### WHAT IS EXPECTED
Write again exactly the lines in the listing below, starting at the line with "Rick Owens Black" and ending at the line with "Kitchen Timer Digital", both included. Pictures are not copied.

### PROVIDED MATERIAL
[Start of Attachment]

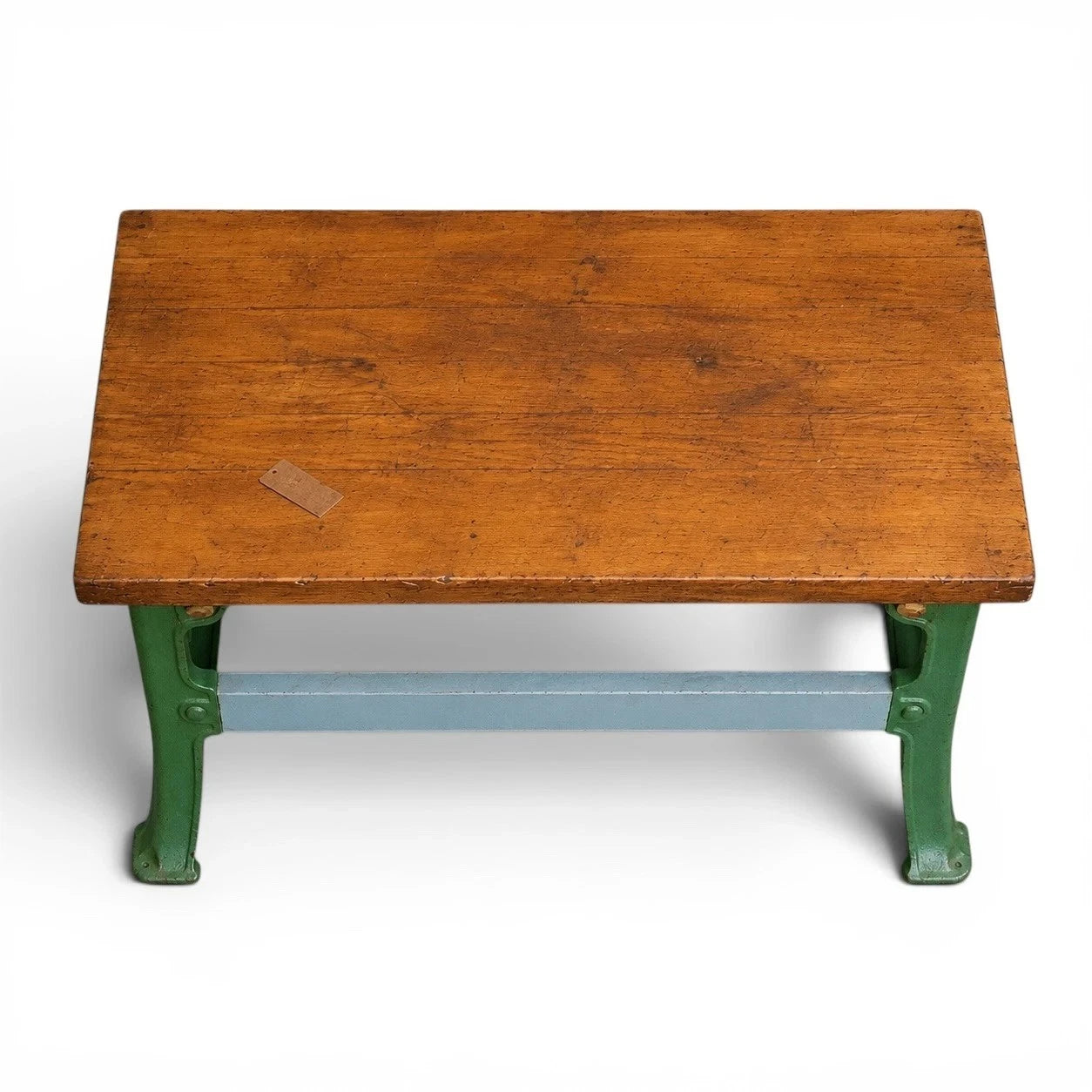 Vintage Industrial Butcher’s Block Kitchen Island with Cast Iron Base – image 5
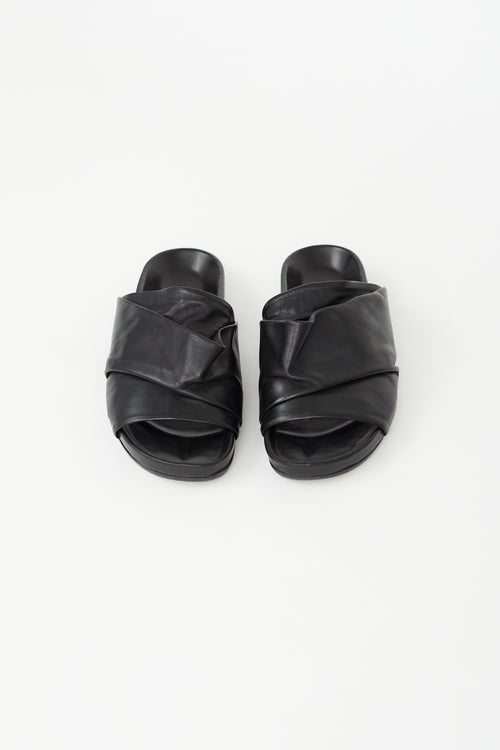 Rick Owens Black Leather Mobius Granola Slide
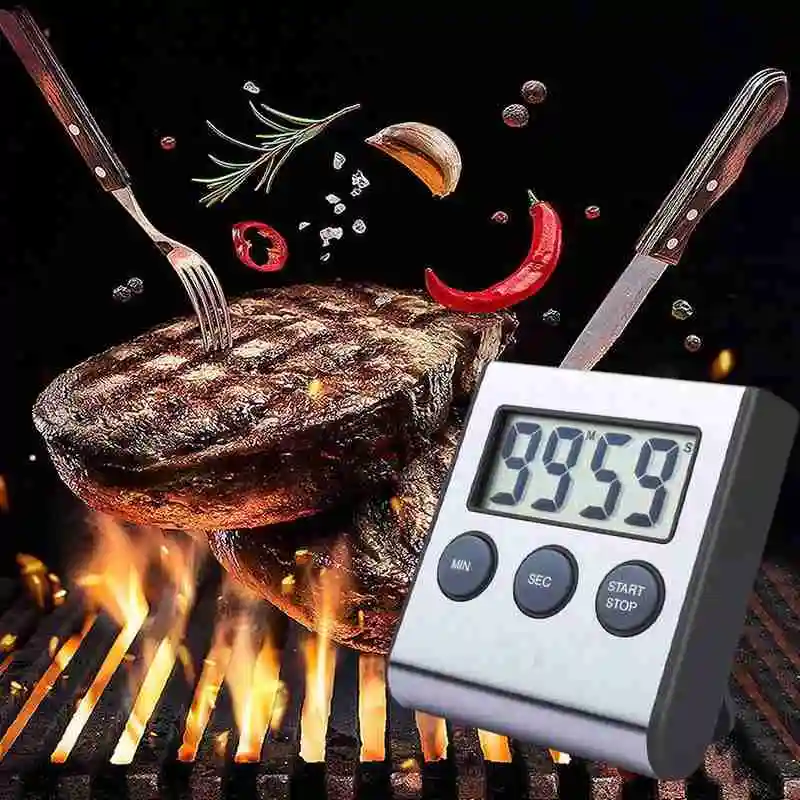 

Kitchen Timer Digital Magnetic Digital Chronometer LCD Digital Screen Alarm Magnet Clock Cooking Count Up Countdown Stopwatch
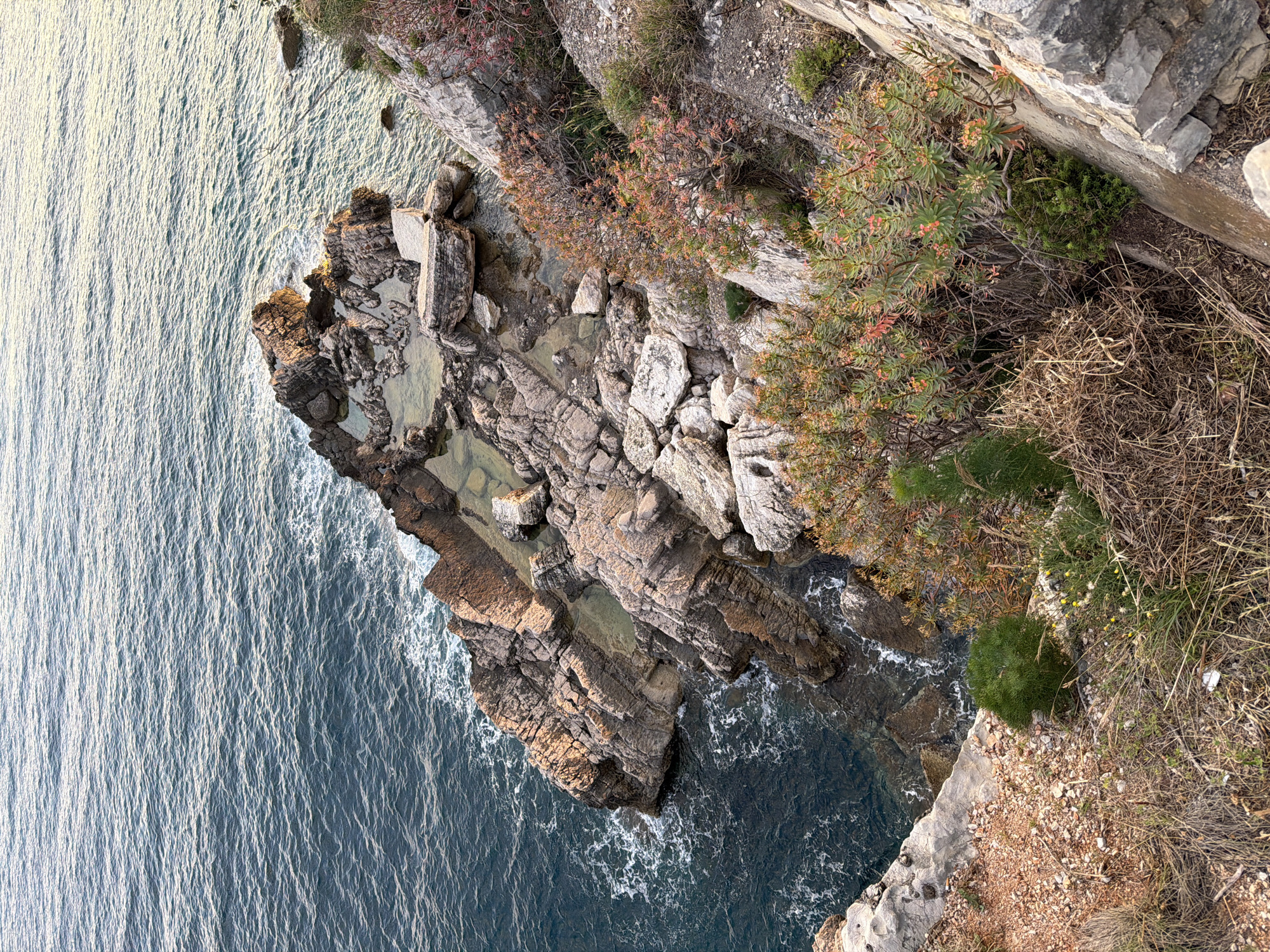 An aerial view captures the rocky shoreline of Mirište, Montenegro, where jagged cliffs meet the Adriatic Sea. Clear water pools within the craggy rock formations. Vegetation clings to the land, ranging from dense shrubs to dry grasses near the cliff's edge. The image reveals the natural texture and color of the coastline. The sea is calm.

[End of Attachment]

### RESPONSE AREA
 Rick Owens Black Leather Mobius Granola Slide

Kitchen Timer Digital Magnetic Digital Chronometer LCD Digital Screen Alarm Magnet Clock Cooking Count Up Countdown Stopwatch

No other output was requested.